▶ _TASK DESCRIPTION_: Look through the records below for the line with "we spend a lot". Return that line and each one after it up to and including the line with "Biscuits salés à", exactly.

▶ _RECORDS SUPPLIED_:

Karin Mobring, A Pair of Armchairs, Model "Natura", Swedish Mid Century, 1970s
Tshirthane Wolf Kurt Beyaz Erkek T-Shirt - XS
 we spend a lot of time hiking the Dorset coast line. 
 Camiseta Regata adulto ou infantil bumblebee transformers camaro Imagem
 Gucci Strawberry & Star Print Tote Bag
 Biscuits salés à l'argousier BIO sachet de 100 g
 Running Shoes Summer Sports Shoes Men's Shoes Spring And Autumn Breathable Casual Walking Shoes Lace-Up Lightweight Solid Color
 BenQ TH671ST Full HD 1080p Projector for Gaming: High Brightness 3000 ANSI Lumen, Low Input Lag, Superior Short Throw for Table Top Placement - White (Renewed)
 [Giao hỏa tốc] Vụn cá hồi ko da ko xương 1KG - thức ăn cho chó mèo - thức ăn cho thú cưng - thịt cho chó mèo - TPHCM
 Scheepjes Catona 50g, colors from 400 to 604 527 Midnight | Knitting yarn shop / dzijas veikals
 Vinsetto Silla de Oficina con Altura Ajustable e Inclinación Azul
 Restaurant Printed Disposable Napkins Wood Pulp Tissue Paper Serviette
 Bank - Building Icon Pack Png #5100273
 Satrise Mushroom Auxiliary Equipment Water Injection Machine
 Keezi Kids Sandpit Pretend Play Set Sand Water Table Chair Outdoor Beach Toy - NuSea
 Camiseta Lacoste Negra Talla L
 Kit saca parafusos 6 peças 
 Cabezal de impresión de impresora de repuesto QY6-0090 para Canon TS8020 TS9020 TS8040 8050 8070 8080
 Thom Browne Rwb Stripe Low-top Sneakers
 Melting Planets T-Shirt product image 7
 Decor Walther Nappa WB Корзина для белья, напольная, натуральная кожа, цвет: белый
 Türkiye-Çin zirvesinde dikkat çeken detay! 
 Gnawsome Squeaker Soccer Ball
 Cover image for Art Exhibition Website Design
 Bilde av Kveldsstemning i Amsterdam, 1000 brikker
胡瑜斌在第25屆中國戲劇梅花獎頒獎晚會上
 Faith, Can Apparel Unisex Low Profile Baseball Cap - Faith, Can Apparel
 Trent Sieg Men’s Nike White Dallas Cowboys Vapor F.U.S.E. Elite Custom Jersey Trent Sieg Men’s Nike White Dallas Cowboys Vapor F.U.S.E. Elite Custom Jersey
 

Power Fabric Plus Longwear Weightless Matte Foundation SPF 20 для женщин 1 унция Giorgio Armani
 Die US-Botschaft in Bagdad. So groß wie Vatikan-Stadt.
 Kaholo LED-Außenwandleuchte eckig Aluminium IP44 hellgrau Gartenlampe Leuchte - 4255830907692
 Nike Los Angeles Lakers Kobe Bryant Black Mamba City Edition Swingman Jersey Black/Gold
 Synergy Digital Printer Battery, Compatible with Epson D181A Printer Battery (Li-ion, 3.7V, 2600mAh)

▶ _FINAL ANSWER_:
 we spend a lot of time hiking the Dorset coast line. 
 Camiseta Regata adulto ou infantil bumblebee transformers camaro Imagem
 Gucci Strawberry & Star Print Tote Bag
 Biscuits salés à l'argousier BIO sachet de 100 g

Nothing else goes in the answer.